What needs to be done ▸ Could you give back exactly the lines below from the one with "actress zoe saldana" through the one with "Front of Black", without a single picture?

Extracted data entries
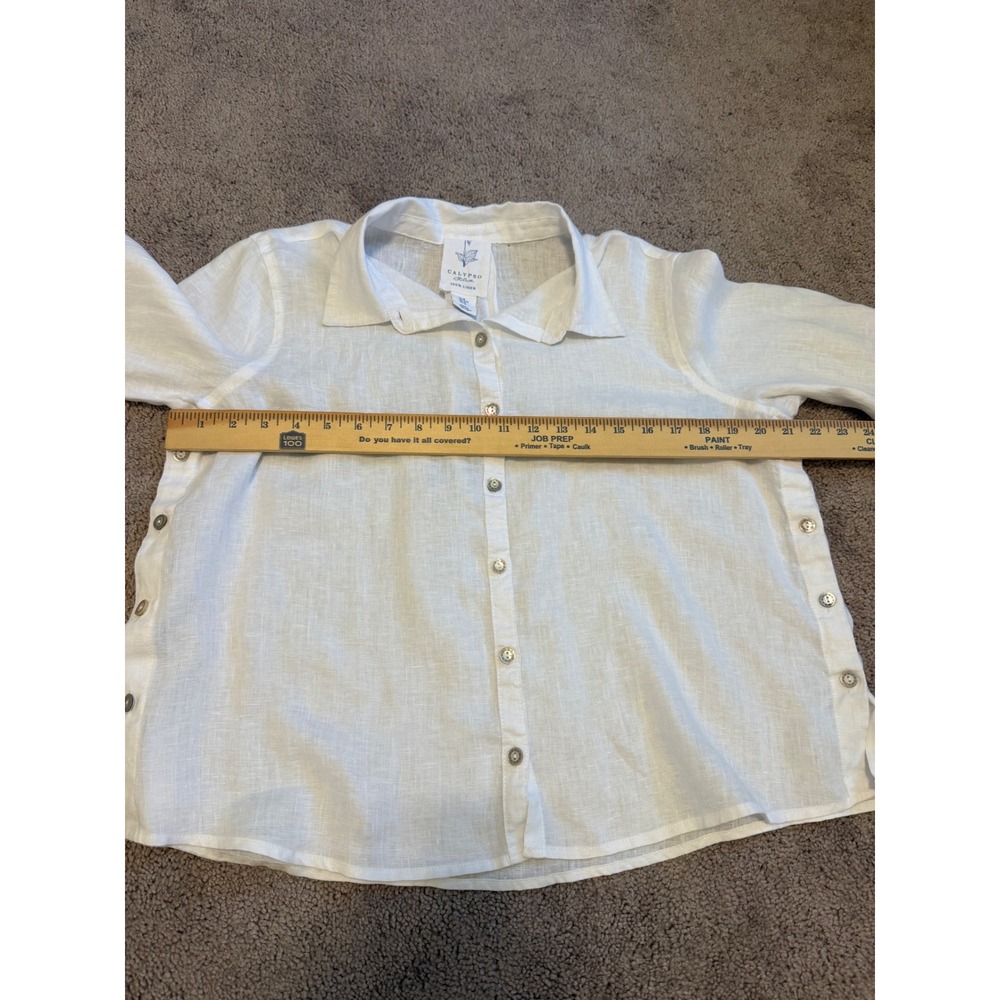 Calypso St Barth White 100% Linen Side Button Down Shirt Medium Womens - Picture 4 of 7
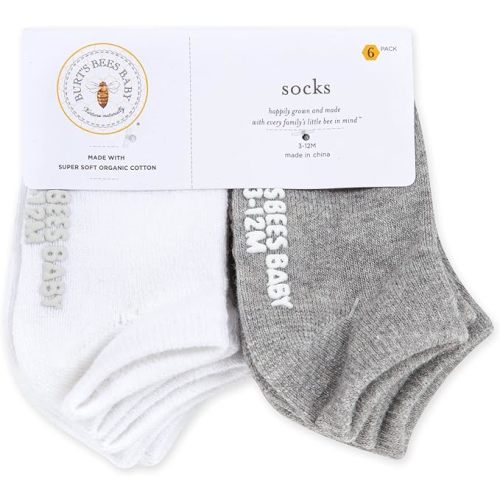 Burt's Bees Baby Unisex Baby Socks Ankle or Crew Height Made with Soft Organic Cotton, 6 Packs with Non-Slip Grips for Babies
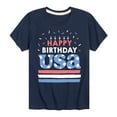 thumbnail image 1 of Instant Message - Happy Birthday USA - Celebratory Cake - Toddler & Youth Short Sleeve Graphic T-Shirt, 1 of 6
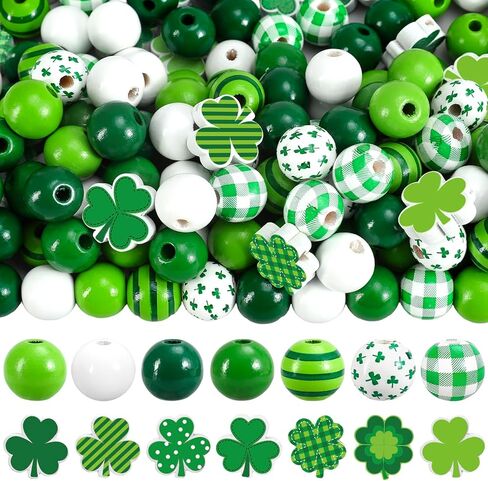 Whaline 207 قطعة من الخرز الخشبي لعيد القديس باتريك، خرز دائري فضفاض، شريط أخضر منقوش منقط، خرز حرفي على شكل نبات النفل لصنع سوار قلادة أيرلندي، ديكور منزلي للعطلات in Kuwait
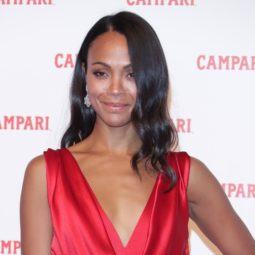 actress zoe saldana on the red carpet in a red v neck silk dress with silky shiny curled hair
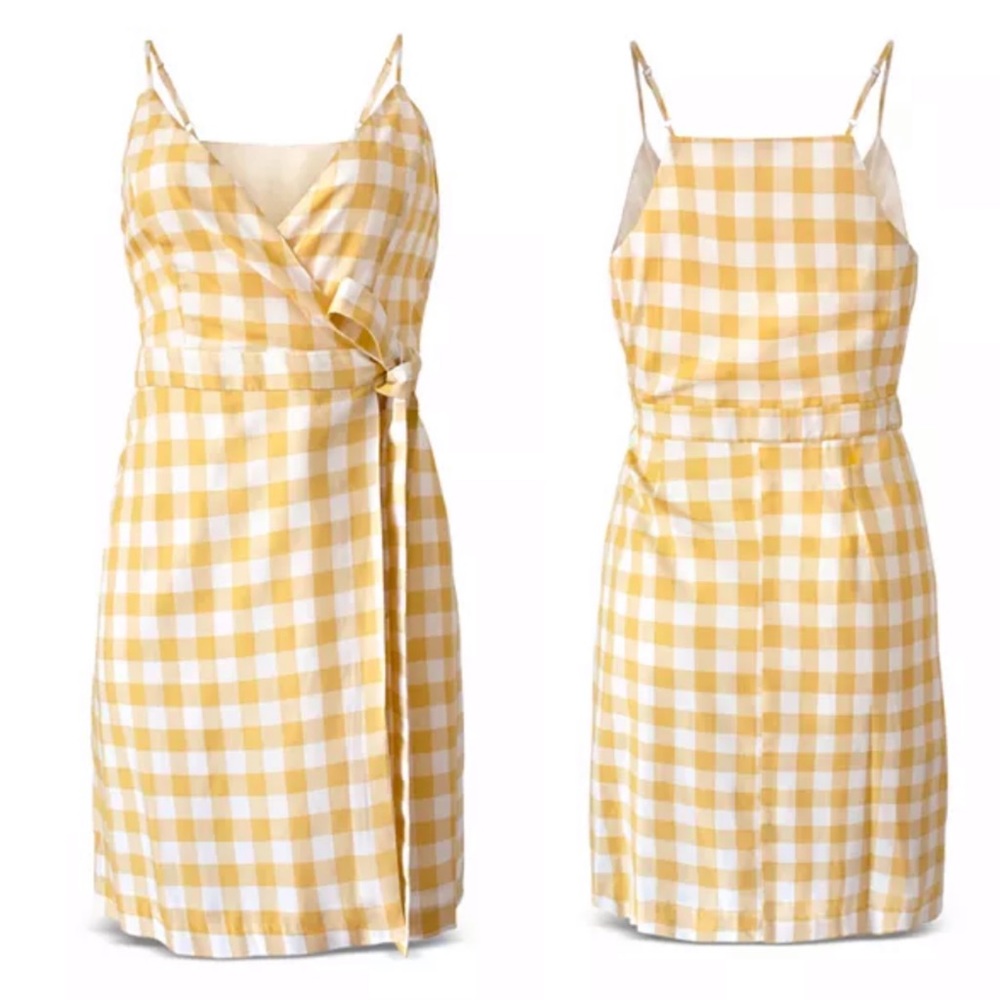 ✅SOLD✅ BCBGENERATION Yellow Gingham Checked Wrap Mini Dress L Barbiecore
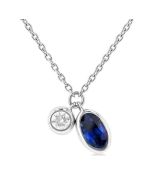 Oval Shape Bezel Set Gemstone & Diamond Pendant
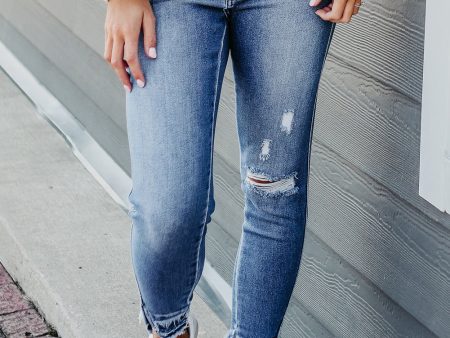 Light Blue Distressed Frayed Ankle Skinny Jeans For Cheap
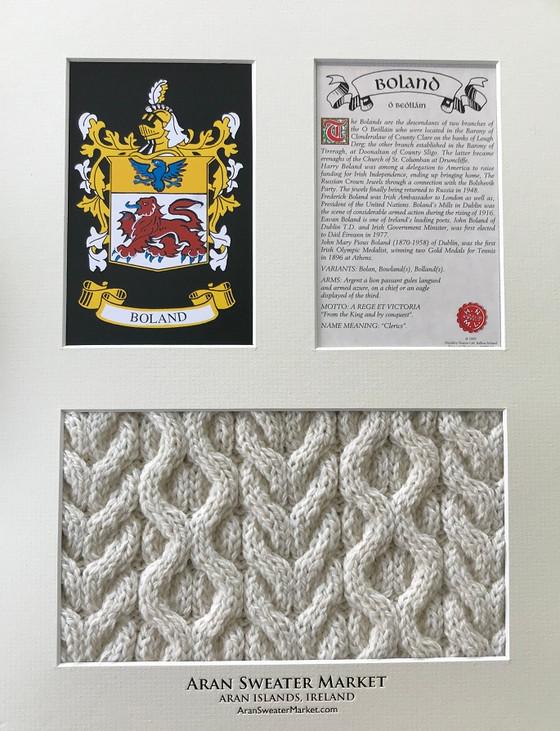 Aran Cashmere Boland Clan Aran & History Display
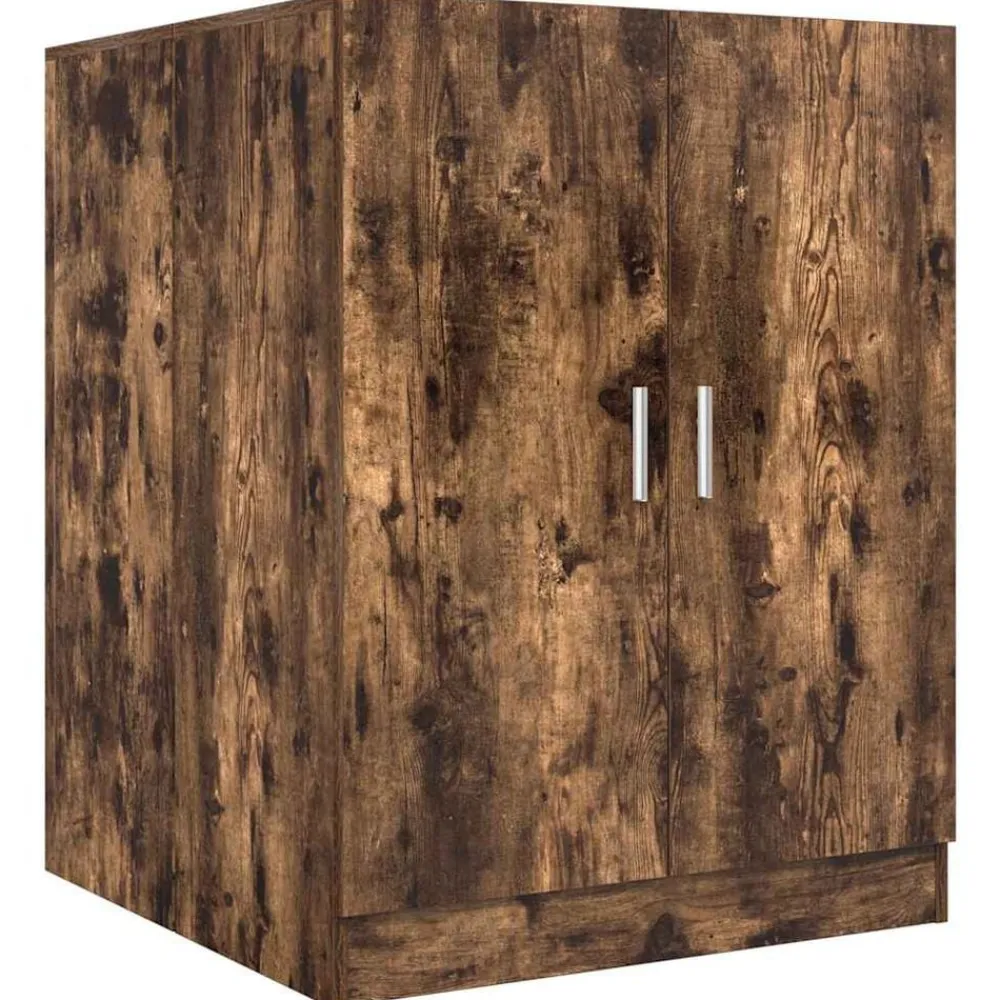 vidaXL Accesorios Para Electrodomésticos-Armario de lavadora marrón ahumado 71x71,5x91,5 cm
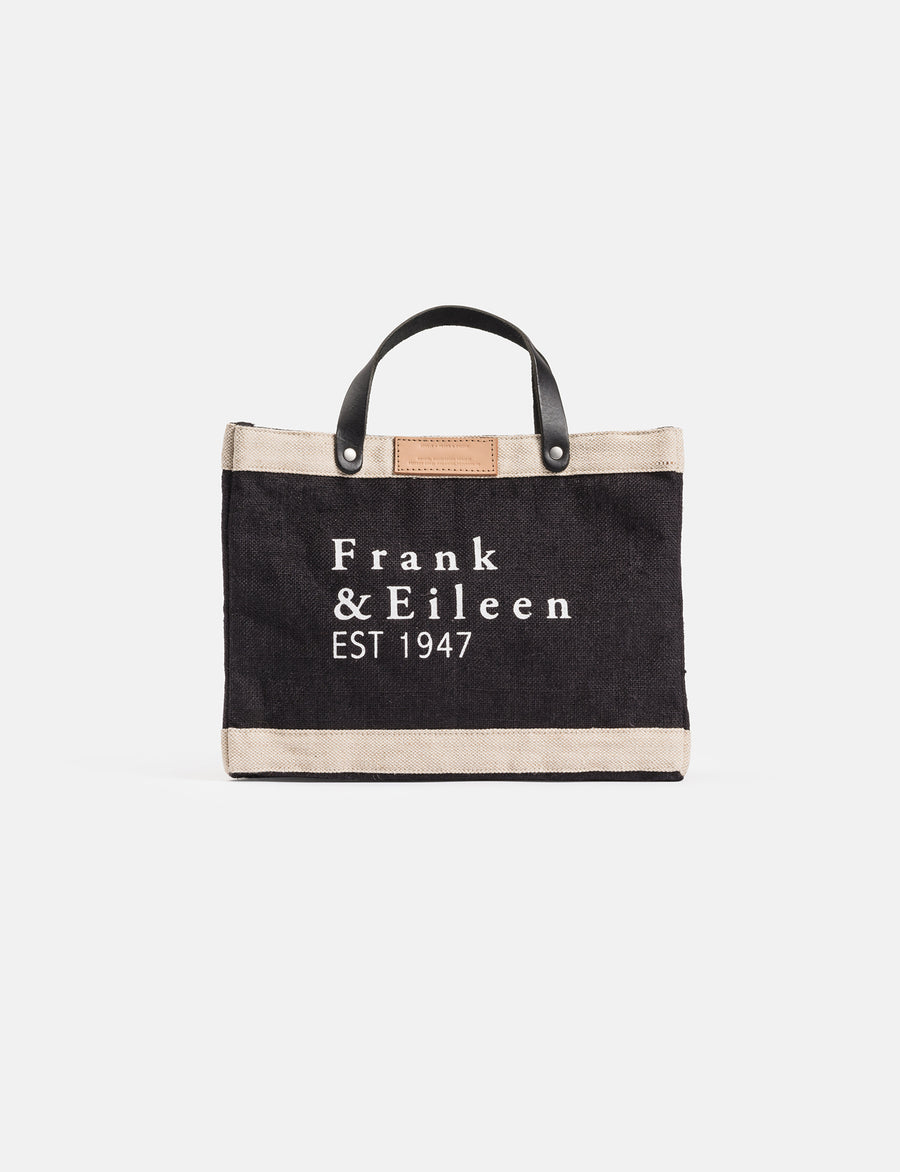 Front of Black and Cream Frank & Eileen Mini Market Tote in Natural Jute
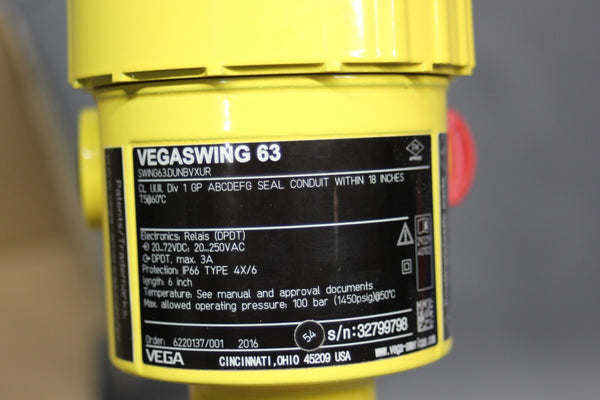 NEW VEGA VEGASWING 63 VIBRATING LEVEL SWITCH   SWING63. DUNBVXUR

The answer ▸
 actress zoe saldana on the red carpet in a red v neck silk dress with silky shiny curled hair
 ✅SOLD✅ BCBGENERATION Yellow Gingham Checked Wrap Mini Dress L Barbiecore
 Oval Shape Bezel Set Gemstone & Diamond Pendant
 Light Blue Distressed Frayed Ankle Skinny Jeans For Cheap
 Aran Cashmere Boland Clan Aran & History Display
 vidaXL Accesorios Para Electrodomésticos-Armario de lavadora marrón ahumado 71x71,5x91,5 cm
 Front of Black and Cream Frank & Eileen Mini Market Tote in Natural Jute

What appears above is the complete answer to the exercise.